Computing Partial Derivatives of Explicit Components Using JAX

Computing Partial Derivatives of Explicit Components Using JAX#

One of the barriers to using OpenMDAO is that to truly take advantage of OpenMDAO, the user needs to write code for the analytic partial derivatives of their Components. To avoid that, users can use the optional third-party JAX library, which can automatically differentiate native Python and NumPy functions.

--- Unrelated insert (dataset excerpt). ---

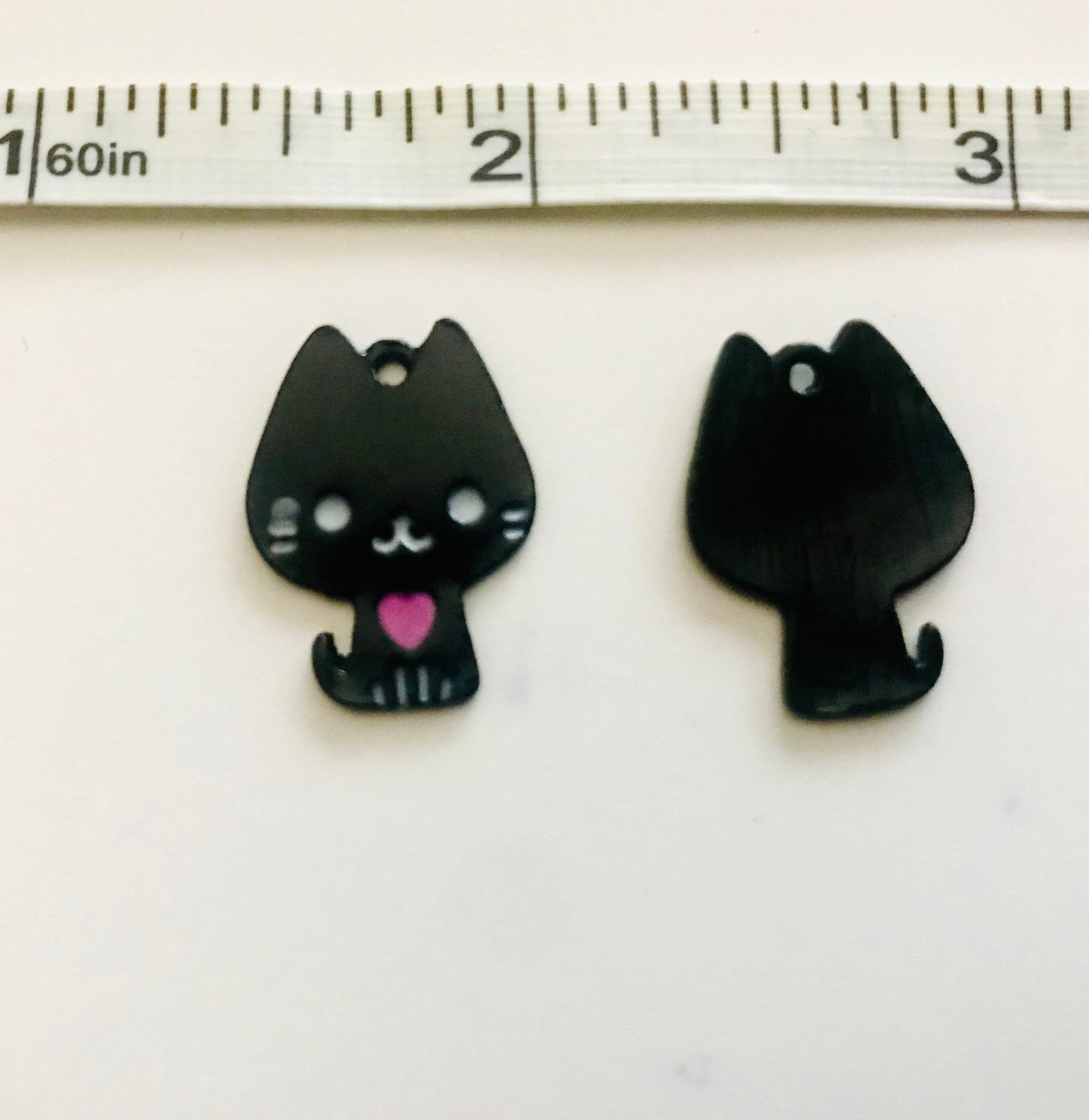 Black cat metal charm. painted charm with little heart, black backed charm, halloween black cat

This notebook gives an example of using JAX to do automatic differentiation (AD) for the Sellar example. Only forward mode AD will be used in this example, however other options are:

Forward-mode is better for “tall” Jacobian matrices (more outputs than inputs) whereas reverse-mode is better for “wide” Jacobian matrices (more inputs than outputs).

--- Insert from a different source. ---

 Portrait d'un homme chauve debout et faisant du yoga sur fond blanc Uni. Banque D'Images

This notebook also shows how to use JAX’s just-in-time (jit) compiling capabilities to dramatically speed up computations.

The use of JAX is optional for OpenMDAO so if not already installed, the user needs to install it. See the installation instructions for more information about installing JAX.

!pip install jax

Requirement already satisfied: jax in /usr/share/miniconda/envs/test/lib/python3.11/site-packages (0.4.27)

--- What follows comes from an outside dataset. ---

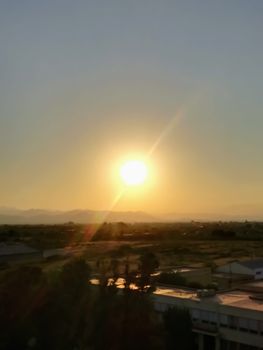 Sunset over the mountains in orange, yellow and red tones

Requirement already satisfied: ml-dtypes>=0.2.0 in /usr/share/miniconda/envs/test/lib/python3.11/site-packages (from jax) (0.4.0)
Requirement already satisfied: numpy>=1.22 in /usr/share/miniconda/envs/test/lib/python3.11/site-packages (from jax) (1.26.4)
Requirement already satisfied: opt-einsum in /usr/share/miniconda/envs/test/lib/python3.11/site-packages (from jax) (3.3.0)
Requirement already satisfied: scipy>=1.9 in /usr/share/miniconda/envs/test/lib/python3.11/site-packages (from jax) (1.13.0)

Here are some standard OpenMDAO imports

import inspect
from functools import partial

import numpy as np

import openmdao.api as om

The JAX library includes a NumPy-like API, jax.numpy, which implements the NumPy API using the primitives in JAX. Almost anything that can be done with NumPy can be done with jax.numpy. JAX arrays are similar to NumPy arrays, but they are designed to work with accelerators such as GPUs and TPU.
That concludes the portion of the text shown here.